If there does not exist such an $x_0$, by $\Delta^1_1$ Turing Determinacy, there must be a real $x_0$ such that whenever $x_0\leq_T x$, there is some game lightface definable in $M_x$ that is not determined in $M_x$. For any $x$, let $\varphi_x$ be the least formula defining in $M_x$ a nondetermined set of reals, if there is one, and let $\varphi_x$ be undefined otherwise. If $\varphi_x$ is defined, let $A^x$ be the set of reals defined in $M_x$ by $\varphi_x$.

Consider the game $G$ (defined in $V$) where I plays $a,b$ and II plays $c,d$ (alternating in the usual way), and I wins if $\varphi_{\langle a,b,c,d\rangle}$ is defined and $a*d\in A^{\langle a,b,c,d\rangle}$. By $\Delta^1_1$-Determinacy, one player has a winning strategy. We aim to get a contradiction, no matter who wins.

Suppose I wins by the strategy $\sigma_0$. Take $x\geq_T\sigma_0,x_0$. We claim there is a strategy $\sigma \leq_T x$ such that for any $d\leq_T x$, $\sigma * d\in A^x$, which contradicts that $A^x$ is not determined in $M_x$. Against $d\in \omega^\omega$, $\sigma$ will respond (well, $\sigma$ goes first but you know what I mean) with the real $a$ such that $\sigma_0$ plays $a,b$ against $x,d$. Then $\sigma$ is recursive in $x$. We must show $\sigma*d\in A^x$ when $d\leq_T x$. But note that with $a,b$ defined as above from $d$, $x\equiv_T \langle a,b,x,d\rangle$, so the fact that $\sigma_0$ is winning for I in $G$ implies $a*d\in A^{\langle a,b,x,d\rangle} = A^x$, and hence $\sigma*d\in A^x$.

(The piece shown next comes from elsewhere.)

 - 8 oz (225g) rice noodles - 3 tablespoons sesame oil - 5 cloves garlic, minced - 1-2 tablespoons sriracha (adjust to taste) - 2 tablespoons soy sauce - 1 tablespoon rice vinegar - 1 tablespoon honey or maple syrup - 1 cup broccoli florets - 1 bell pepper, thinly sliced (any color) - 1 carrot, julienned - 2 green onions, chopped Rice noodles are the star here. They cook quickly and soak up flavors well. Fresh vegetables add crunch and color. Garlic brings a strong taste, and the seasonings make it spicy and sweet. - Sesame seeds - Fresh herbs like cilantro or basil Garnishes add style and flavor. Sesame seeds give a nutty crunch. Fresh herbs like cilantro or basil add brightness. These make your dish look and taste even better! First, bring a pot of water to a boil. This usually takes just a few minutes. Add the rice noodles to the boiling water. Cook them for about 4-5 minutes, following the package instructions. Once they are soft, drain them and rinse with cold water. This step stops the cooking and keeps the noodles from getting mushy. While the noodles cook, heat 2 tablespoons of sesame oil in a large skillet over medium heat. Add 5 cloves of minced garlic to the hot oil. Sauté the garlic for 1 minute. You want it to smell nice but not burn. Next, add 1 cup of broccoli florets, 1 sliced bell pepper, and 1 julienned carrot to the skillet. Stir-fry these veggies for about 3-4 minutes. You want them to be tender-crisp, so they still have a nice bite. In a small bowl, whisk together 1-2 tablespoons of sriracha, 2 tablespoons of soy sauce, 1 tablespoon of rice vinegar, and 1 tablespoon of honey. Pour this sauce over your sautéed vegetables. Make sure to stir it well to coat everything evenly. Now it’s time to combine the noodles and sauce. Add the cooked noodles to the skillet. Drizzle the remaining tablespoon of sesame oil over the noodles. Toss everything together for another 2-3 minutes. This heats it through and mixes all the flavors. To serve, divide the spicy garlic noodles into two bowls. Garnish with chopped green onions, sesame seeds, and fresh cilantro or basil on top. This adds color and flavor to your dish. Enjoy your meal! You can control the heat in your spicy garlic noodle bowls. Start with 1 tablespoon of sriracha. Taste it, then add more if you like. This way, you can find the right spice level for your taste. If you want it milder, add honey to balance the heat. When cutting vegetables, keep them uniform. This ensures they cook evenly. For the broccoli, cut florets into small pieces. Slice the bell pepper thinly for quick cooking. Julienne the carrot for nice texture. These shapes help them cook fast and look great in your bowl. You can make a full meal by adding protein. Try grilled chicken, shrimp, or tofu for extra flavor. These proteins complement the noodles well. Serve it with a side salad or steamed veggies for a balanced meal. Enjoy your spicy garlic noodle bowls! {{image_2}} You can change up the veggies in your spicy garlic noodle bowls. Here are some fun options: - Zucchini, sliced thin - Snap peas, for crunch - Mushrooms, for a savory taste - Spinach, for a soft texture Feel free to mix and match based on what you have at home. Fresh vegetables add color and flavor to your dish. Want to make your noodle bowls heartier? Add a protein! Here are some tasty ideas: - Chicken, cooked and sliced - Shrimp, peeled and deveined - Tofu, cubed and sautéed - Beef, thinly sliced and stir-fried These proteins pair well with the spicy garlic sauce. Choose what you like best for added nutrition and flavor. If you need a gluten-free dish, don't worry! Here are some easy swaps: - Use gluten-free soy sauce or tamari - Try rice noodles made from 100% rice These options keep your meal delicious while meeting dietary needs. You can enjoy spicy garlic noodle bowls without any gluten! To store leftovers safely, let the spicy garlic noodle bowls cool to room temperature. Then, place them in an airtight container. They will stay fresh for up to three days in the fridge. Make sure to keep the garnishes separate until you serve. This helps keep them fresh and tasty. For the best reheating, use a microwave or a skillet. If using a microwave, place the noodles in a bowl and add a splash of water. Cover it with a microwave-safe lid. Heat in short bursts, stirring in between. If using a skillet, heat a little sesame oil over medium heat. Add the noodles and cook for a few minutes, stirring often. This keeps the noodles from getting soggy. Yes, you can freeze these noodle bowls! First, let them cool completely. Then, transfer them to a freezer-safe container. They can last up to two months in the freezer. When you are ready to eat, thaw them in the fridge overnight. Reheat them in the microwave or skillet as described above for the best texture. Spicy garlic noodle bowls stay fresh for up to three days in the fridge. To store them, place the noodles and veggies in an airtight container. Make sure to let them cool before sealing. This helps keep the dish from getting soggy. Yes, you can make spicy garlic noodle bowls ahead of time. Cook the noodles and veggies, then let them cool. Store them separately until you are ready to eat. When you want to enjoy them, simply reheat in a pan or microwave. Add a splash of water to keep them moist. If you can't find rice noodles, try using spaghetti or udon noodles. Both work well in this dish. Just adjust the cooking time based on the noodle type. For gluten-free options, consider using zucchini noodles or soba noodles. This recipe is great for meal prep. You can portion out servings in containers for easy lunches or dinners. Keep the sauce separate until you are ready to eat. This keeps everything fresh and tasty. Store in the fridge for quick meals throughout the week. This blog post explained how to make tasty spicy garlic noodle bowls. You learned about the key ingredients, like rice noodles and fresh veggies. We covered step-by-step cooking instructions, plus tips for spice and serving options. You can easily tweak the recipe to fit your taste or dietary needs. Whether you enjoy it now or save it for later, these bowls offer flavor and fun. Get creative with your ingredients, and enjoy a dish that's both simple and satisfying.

The contradiction in the case that II wins $G$ by $\tau_0$ is reached by a symmetric argument, with the minor modification that we use the fact that $x\geq_T x_0$ to show that II wins the relevant plays by $\tau_0$ because $a*d\notin A^{\langle a,x,c,d\rangle}$, and not because $\varphi_{\langle a,x,c,d\rangle}$ was undefined.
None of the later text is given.